The Labour Party drew a substantial amount of funding from just three wealthy individuals. Supermarket chief Lord Sainsbury, the publisher Lord Hamlyn and the former Tory financier and travel writer Sir Christopher Ondaatje gave over £6.1 million pounds to help fund Labour’s election campaign this year, believed to have cost nearly £14 million.

At the same time, the number of small donations made to the official parties has fallen drastically as both the Conservatives and Labour have haemorrhaged members and public support.

Commenting on the latest figures, Sam Younger, chairman of the Electoral Commission, suggested further measures were necessary to counteract the widely held belief that the official parties are little more than lobby fodder for corporate interests. He told the Times newspaper that the Commission will consider a cap on donations above £100,000 and the possibility of introducing state funding for political parties. It is unlikely that these measures, should they be enacted, will allay deep public disaffection. Indeed, funding parties that are already widely discredited out of public finances is more likely to intensify disgust with the entire official political set up.

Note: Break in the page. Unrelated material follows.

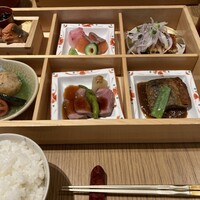 SHARI東銀座 -  SHARI東銀座 -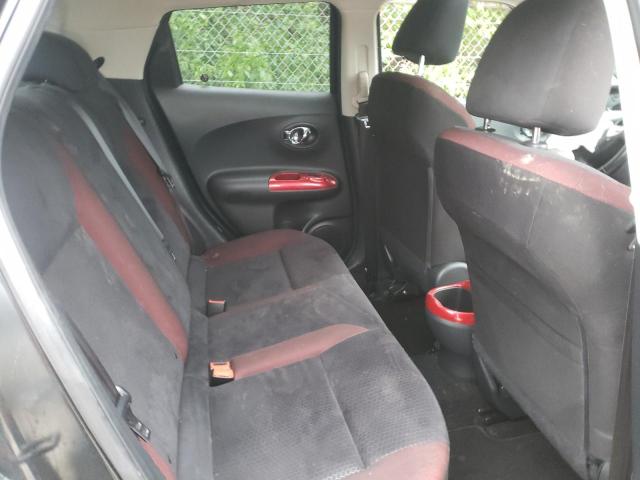 Photo 6 from auction – 2011 NISSAN JUKE S with VIN JN8AF5MV2BT024845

The Electoral Commission report produced a mixed reaction from the press. The nominally liberal Guardian newspaper has championed Labour’s evolution from a reformist organisation into an openly big business party. Under the headline “ Super-rich lead party donor table,” Westminster correspondent David Hencke explained breathlessly that wealthy donors were replacing the trade unions as Labour’s main financiers. The donations of a few multimillionaires had exceeded the contribution made by affiliated trade unions in the four and a half months leading up to the June general election, Hencke said. Union donations are expected to fall to 35 percent of Labour’s total election spending he continued—almost half the amount they had made to it’s 1992 campaign.

In contrast, the Financial Times, Britain’s major big business newspaper, expressed its concern that Labour still had much to do. By subtracting figures from the overall total from a preliminary report covering the first six weeks after the Political Parties Act came into effect, (money which the Guardian had included in its calculations), the Financial Times concluded that Labour was still far too financially dependent on the trade unions.

Under the headline “ Labour relies heavily on unions for funds,” Financial Tines political correspondent Rosemary Bennett said that the figures showed that the trade unions had contravened party policy by giving more than 30 percent of the total amount of contributions.

Bennett expressed reservations that “Tony Blair appears to be growing increasingly dependent on funds from trade unions at a time when they are becoming restive”.

In keeping with Blair’s repeated declaration that the “class struggle is over,” the prime minister has sought to reduce the role of the trade union bureaucracy in Labour’s affairs to the status of a benign consumer group.

Now however, Labour’s plans for the wholesale privatisation of public services, coupled with the threat of a major recession, are causing concern amongst union leaders that Blair’s political short-sightedness may jeopardise both their own privileged existence and exacerbate already tense class relations.

In the last months, sections of the trade union bureaucracy have made vague noises of protest to Blair about the government’s course. Organisations such as the Fire Brigades Union and the public sector union UNISON have either threatened or suspended political donations to Labour as part of their protest.

For the Financial Times such events are a warning to Blair that more needs to be done to free the Labour Party from any susceptibility to public pressure. Ironically, the newspaper’s advice can only exacerbate the government’s isolation from the broad mass of working people, guaranteeing even greater political instability.